» EXERCISE OBJECTIVE: In the records below, find the line that contains "2014 Mazda MAZDA6" and the line that contains "ترجمۂ قرآن: اردو", then retype exactly those two lines and every line between them.
___ DATASET
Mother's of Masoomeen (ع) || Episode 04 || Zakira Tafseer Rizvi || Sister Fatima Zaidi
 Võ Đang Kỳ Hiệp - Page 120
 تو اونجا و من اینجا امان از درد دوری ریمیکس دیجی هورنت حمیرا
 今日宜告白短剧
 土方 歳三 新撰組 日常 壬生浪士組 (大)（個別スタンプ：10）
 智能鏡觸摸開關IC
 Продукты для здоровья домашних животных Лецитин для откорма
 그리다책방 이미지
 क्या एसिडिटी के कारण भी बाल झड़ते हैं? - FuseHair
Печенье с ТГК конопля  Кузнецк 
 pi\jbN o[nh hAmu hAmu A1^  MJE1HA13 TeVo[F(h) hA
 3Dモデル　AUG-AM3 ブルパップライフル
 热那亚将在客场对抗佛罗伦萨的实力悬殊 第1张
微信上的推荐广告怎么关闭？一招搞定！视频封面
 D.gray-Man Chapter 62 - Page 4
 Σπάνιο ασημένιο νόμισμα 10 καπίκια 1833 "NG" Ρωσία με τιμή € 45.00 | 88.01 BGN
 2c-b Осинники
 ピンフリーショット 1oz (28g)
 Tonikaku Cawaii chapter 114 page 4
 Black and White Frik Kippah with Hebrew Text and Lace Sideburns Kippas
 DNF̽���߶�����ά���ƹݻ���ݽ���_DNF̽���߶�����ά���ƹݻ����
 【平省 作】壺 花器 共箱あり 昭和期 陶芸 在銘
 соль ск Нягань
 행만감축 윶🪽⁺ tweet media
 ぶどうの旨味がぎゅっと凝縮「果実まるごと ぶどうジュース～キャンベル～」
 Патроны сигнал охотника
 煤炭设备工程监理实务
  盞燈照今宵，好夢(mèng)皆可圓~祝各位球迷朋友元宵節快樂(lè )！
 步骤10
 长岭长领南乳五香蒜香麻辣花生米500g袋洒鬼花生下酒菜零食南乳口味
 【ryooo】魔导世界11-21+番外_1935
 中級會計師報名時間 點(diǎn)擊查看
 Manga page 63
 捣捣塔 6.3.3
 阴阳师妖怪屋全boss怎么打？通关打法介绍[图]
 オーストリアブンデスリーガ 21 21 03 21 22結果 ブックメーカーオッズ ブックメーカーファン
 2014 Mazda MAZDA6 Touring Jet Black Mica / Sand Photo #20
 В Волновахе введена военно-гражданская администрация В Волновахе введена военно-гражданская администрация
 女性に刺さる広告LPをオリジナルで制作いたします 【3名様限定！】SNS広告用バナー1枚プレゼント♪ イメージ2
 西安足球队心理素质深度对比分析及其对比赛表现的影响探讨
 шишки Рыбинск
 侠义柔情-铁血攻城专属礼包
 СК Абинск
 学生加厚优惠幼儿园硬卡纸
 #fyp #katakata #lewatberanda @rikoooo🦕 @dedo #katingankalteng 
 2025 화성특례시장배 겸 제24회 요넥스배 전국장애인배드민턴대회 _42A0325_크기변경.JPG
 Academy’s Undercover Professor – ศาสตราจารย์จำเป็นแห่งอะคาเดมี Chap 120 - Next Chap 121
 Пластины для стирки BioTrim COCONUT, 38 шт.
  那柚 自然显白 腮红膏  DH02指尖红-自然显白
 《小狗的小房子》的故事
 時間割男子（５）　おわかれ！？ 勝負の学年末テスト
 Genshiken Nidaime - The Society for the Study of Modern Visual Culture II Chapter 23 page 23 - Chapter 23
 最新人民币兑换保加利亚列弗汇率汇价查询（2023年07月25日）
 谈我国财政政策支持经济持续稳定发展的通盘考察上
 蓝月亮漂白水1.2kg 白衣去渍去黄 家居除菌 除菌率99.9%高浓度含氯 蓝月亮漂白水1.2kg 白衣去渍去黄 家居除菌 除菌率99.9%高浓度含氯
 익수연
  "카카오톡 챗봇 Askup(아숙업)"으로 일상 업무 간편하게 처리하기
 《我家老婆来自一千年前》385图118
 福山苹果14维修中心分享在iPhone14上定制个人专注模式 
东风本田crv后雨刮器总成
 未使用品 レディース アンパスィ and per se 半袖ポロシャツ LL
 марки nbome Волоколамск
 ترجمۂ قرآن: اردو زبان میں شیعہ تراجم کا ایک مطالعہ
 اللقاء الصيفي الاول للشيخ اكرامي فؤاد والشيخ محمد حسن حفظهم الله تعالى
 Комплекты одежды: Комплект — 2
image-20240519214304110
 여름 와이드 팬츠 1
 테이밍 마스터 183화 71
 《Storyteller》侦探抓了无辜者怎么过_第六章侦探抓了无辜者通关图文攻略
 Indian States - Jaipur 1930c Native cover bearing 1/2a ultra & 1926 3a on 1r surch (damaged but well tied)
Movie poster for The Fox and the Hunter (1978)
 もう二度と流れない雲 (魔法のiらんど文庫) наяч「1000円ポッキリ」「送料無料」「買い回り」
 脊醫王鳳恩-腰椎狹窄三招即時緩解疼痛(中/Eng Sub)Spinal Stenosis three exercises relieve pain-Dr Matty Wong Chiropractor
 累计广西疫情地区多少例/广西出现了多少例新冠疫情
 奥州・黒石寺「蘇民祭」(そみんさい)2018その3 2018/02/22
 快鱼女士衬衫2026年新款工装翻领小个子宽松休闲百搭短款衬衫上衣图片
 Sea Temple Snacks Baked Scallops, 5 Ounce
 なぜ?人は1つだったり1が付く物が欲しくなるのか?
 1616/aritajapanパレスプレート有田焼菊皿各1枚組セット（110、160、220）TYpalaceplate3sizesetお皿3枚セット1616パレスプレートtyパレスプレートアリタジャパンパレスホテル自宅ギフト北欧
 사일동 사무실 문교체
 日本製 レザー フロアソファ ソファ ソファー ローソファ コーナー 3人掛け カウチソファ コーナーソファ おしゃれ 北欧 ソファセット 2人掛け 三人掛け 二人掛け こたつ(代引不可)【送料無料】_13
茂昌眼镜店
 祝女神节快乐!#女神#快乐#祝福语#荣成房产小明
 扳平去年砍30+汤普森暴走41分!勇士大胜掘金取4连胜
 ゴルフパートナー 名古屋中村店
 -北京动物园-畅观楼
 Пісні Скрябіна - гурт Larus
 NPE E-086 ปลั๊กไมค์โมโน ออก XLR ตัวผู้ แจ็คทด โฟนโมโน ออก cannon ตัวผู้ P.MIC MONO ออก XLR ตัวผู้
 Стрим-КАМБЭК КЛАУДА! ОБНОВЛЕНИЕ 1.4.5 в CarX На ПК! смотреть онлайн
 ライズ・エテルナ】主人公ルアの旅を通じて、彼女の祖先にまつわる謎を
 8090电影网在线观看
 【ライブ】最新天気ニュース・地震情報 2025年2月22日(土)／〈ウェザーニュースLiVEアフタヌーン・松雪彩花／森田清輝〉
______
» COMPLETED TASK:
 2014 Mazda MAZDA6 Touring Jet Black Mica / Sand Photo #20
 В Волновахе введена военно-гражданская администрация В Волновахе введена военно-гражданская администрация
 女性に刺さる広告LPをオリジナルで制作いたします 【3名様限定！】SNS広告用バナー1枚プレゼント♪ イメージ2
 西安足球队心理素质深度对比分析及其对比赛表现的影响探讨
 шишки Рыбинск
 侠义柔情-铁血攻城专属礼包
 СК Абинск
 学生加厚优惠幼儿园硬卡纸
 #fyp #katakata #lewatberanda @rikoooo🦕 @dedo #katingankalteng 
 2025 화성특례시장배 겸 제24회 요넥스배 전국장애인배드민턴대회 _42A0325_크기변경.JPG
 Academy’s Undercover Professor – ศาสตราจารย์จำเป็นแห่งอะคาเดมี Chap 120 - Next Chap 121
 Пластины для стирки BioTrim COCONUT, 38 шт.
  那柚 自然显白 腮红膏  DH02指尖红-自然显白
 《小狗的小房子》的故事
 時間割男子（５）　おわかれ！？ 勝負の学年末テスト
 Genshiken Nidaime - The Society for the Study of Modern Visual Culture II Chapter 23 page 23 - Chapter 23
 最新人民币兑换保加利亚列弗汇率汇价查询（2023年07月25日）
 谈我国财政政策支持经济持续稳定发展的通盘考察上
 蓝月亮漂白水1.2kg 白衣去渍去黄 家居除菌 除菌率99.9%高浓度含氯 蓝月亮漂白水1.2kg 白衣去渍去黄 家居除菌 除菌率99.9%高浓度含氯
 익수연
  "카카오톡 챗봇 Askup(아숙업)"으로 일상 업무 간편하게 처리하기
 《我家老婆来自一千年前》385图118
 福山苹果14维修中心分享在iPhone14上定制个人专注模式 
东风本田crv后雨刮器总成
 未使用品 レディース アンパスィ and per se 半袖ポロシャツ LL
 марки nbome Волоколамск
 ترجمۂ قرآن: اردو زبان میں شیعہ تراجم کا ایک مطالعہ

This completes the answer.